**AVAILABLE DATA:**
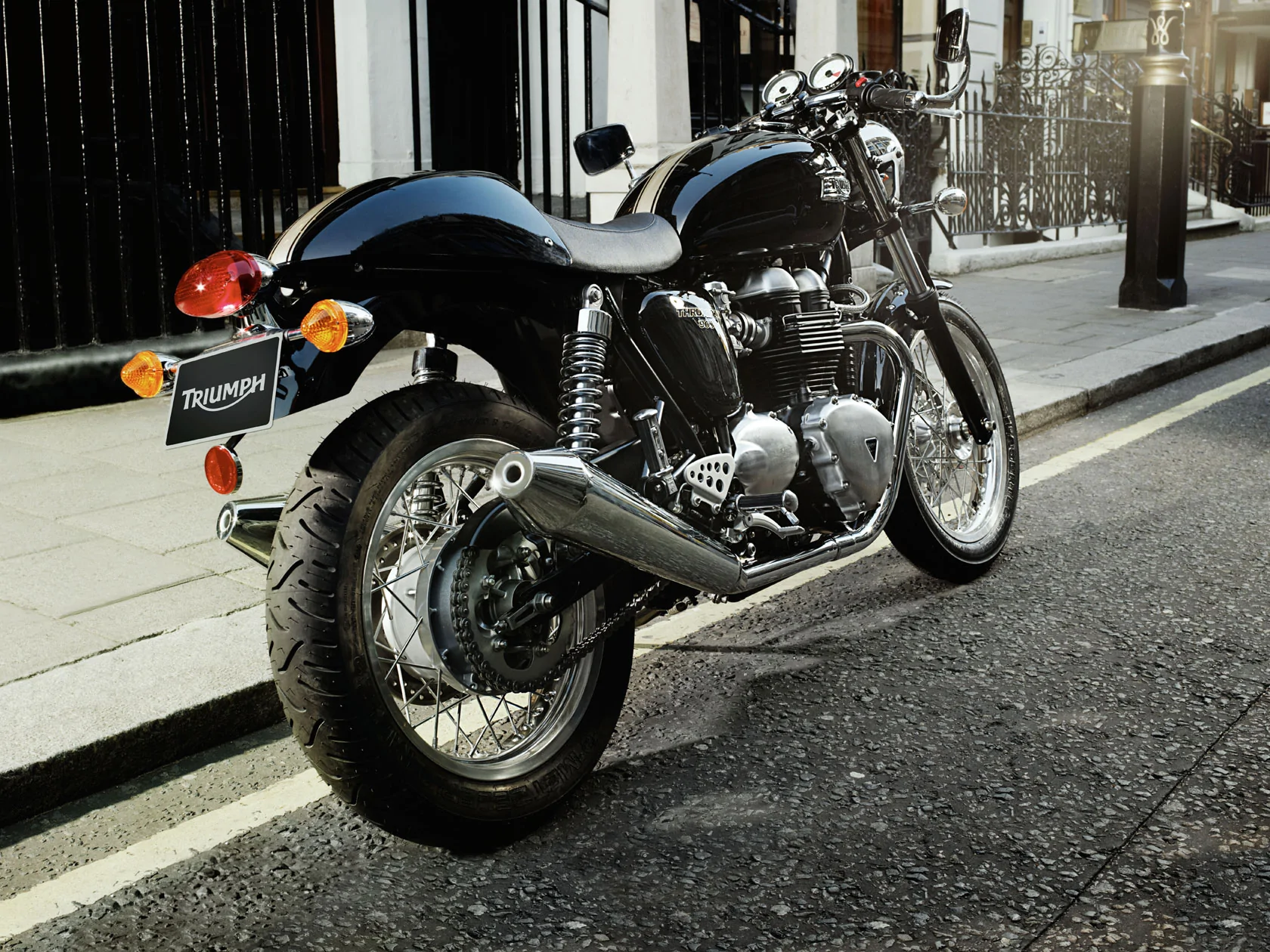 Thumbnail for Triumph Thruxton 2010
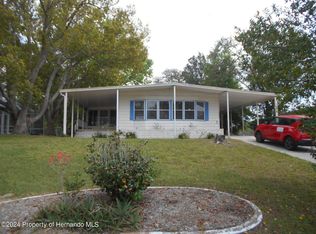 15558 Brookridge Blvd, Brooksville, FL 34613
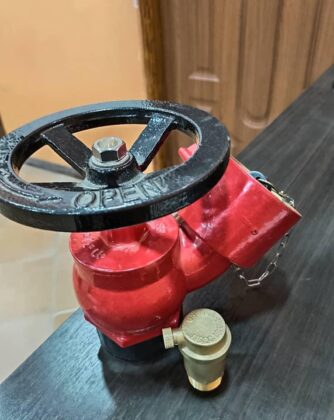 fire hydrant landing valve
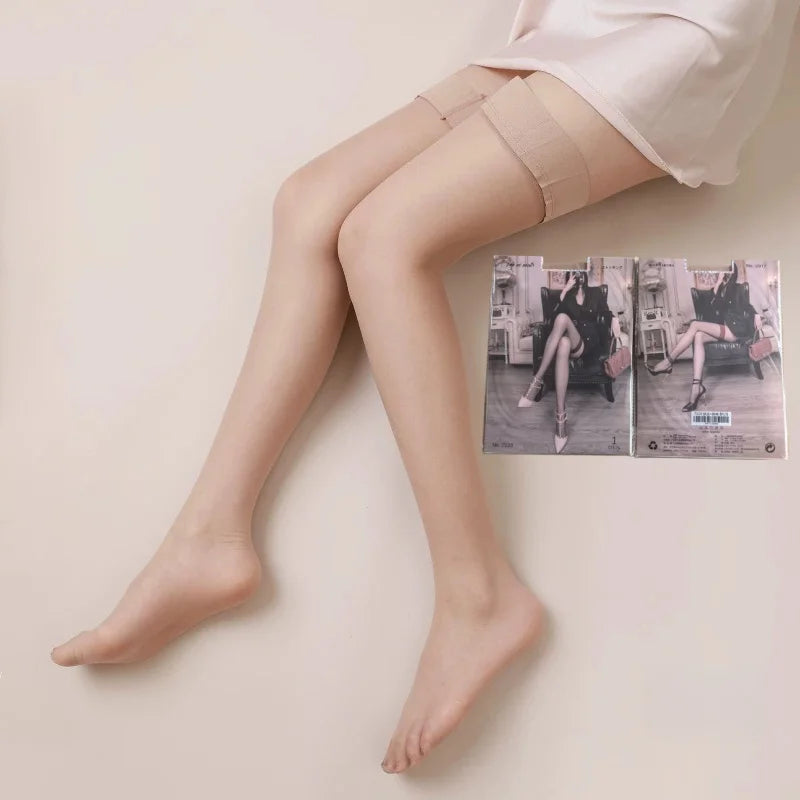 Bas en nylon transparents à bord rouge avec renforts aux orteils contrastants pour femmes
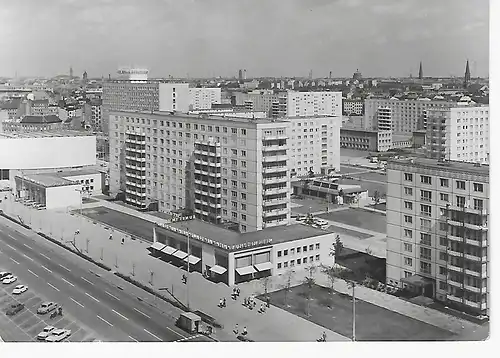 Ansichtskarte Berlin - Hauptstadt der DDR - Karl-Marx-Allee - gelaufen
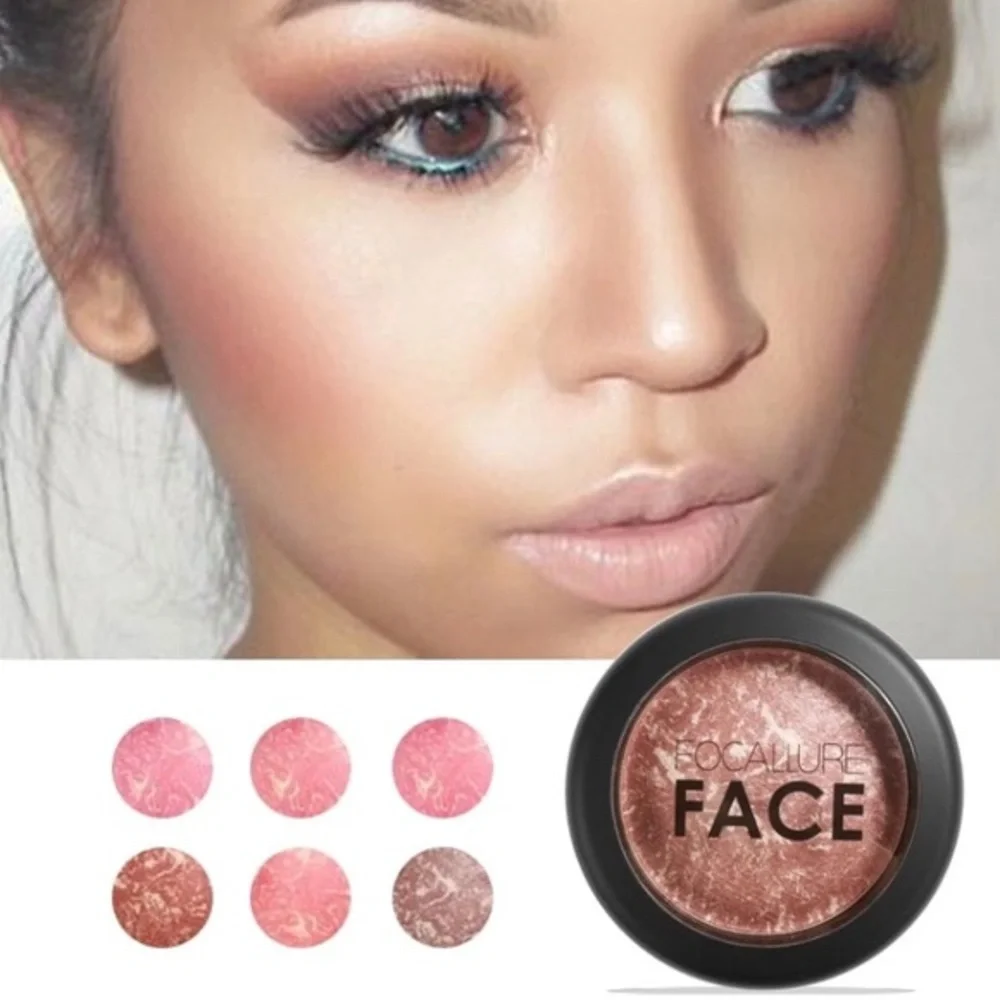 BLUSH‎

**EXERCISE AIM:** What is needed is an exact transcription of the lines from the one containing "15558 Brookridge Blvd, Brooksville, FL 34613" through the last line of the records above, both included, with no pictures.

**RESULT BELOW:**
 15558 Brookridge Blvd, Brooksville, FL 34613
 fire hydrant landing valve
 Bas en nylon transparents à bord rouge avec renforts aux orteils contrastants pour femmes
 Ansichtskarte Berlin - Hauptstadt der DDR - Karl-Marx-Allee - gelaufen
 BLUSH‎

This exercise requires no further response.